The other half of my complaint is simply the form of the operations. I did not want to use the word "coalgebraic" here because I know we don't see eye to eye on that, but I am only speaking about the type signature. Everything I recognize as an object has operations where the object (or its state) is an explicit or implicit argument; but module operations don't require that. At one extreme, a module could have exclusively algebraic operations as well. If such a module were first-class, would you call it an "object"?

You called Modula-3 object-oriented, and as I recall it doesn't say anything about the form of operations, so maybe you are OK with this, but to me it is too general.

2. Whatever sort of polymorphism it is, parametric or subtyping or what-have-you, it seems intrinsic to me that it deals with multiple types.

3. C is not even in the universe of things I would venture to have my definitions apply to. Do you want your definition to apply to assembly language as well? When I say "some languages have higher-order functions and some do not", I am admittedly restricting myself in the domain of things under consideration.

I guess you are looking for a definition of "object" which is informal and necessarily imprecise.

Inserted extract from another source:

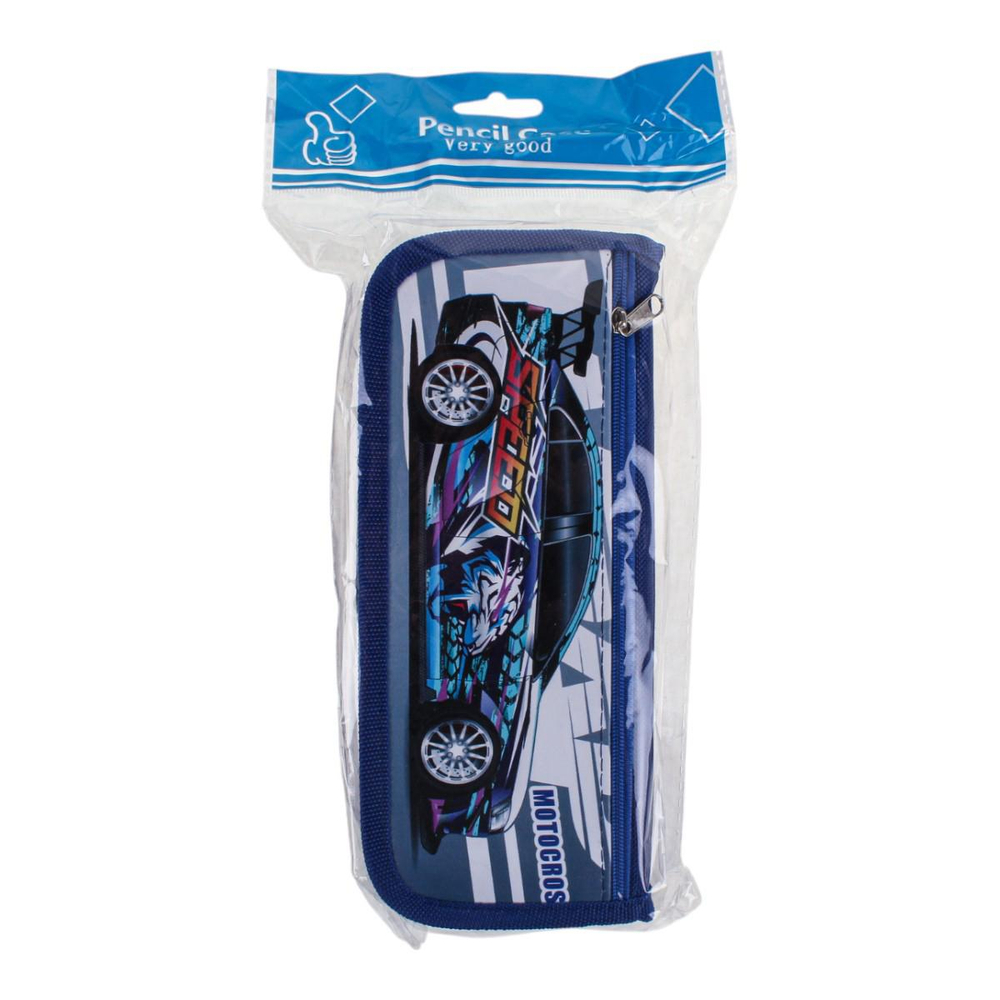 Пенал мягкий 2 отделения "Auto" 3 цвета микс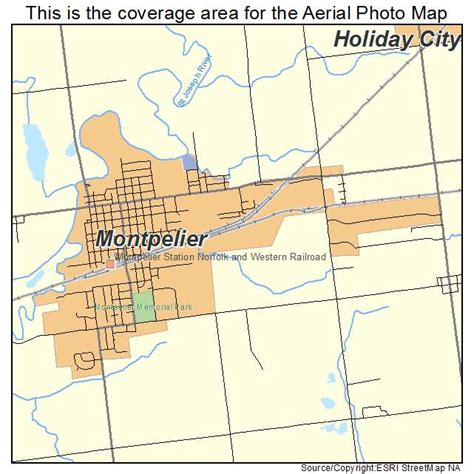 Aerial Photography Map Of Montpelier Oh Ohio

That's fine, I guess, but given that proviso I'm not sure yours is an improvement precision-wise on Rumbaugh's identity + classification + inheritance + polymorphism one, though it is rather different.

(That's one reason I like the coalgebra model; one might disagree that it characterizes object-orientation, but it does make a formal distinction between languages in the same way that higher-order functions do.)

Will Cook said...

1. Actually, I am perfectly happy with the coalgebraic explanation of objects. Where did you get the idea that I am against it?

Most people seem pretty happy with my use of "module" because it has a fairly precise informal meaning, which is not affected by all the complex module-foo that goes on in the PL community.

The extra argument comes from either state or recursion, but I am avoiding both these topics, because they are orthogonal to the issues. As you have yourself suggested, we can talk about pure objects that return new objects (instead of mutating). In this case, is there an extra argument?

2. I disagree the polymorphism requires a type system. The "types" are implicit, and the "form" in question is just the particular protocol or interface that the object implements. Think about smalltalk.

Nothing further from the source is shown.